EXTRACTED ENTRIES =>
BEGIN
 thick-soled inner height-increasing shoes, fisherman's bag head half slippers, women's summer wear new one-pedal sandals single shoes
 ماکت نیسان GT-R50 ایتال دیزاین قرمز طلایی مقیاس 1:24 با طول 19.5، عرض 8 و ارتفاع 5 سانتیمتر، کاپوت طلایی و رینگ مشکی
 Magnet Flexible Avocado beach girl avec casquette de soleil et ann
END
BEGIN
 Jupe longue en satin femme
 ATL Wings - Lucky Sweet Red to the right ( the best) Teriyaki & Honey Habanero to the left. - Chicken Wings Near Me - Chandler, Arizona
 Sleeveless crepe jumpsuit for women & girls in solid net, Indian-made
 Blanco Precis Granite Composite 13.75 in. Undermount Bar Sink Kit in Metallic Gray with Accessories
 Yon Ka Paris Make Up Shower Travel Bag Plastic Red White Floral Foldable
END
BEGIN
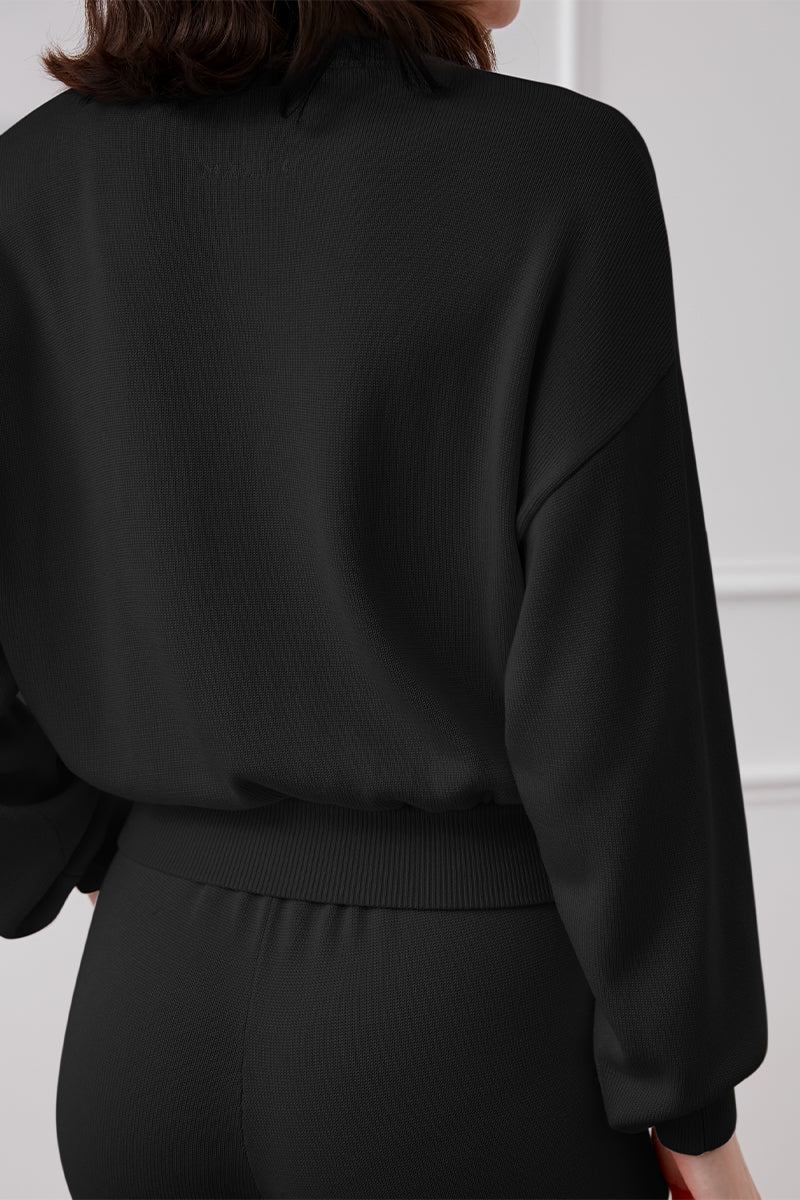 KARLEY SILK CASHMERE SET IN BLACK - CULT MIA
END
TASK DIRECTIONS => Output, from the data above, the lines from the line with "Sleeveless crepe jumpsuit" to the line with "Yon Ka Paris" exactly as they stand, both ends included and nothing else.

EXERCISE OUTPUT =>
 Sleeveless crepe jumpsuit for women & girls in solid net, Indian-made
 Blanco Precis Granite Composite 13.75 in. Undermount Bar Sink Kit in Metallic Gray with Accessories
 Yon Ka Paris Make Up Shower Travel Bag Plastic Red White Floral Foldable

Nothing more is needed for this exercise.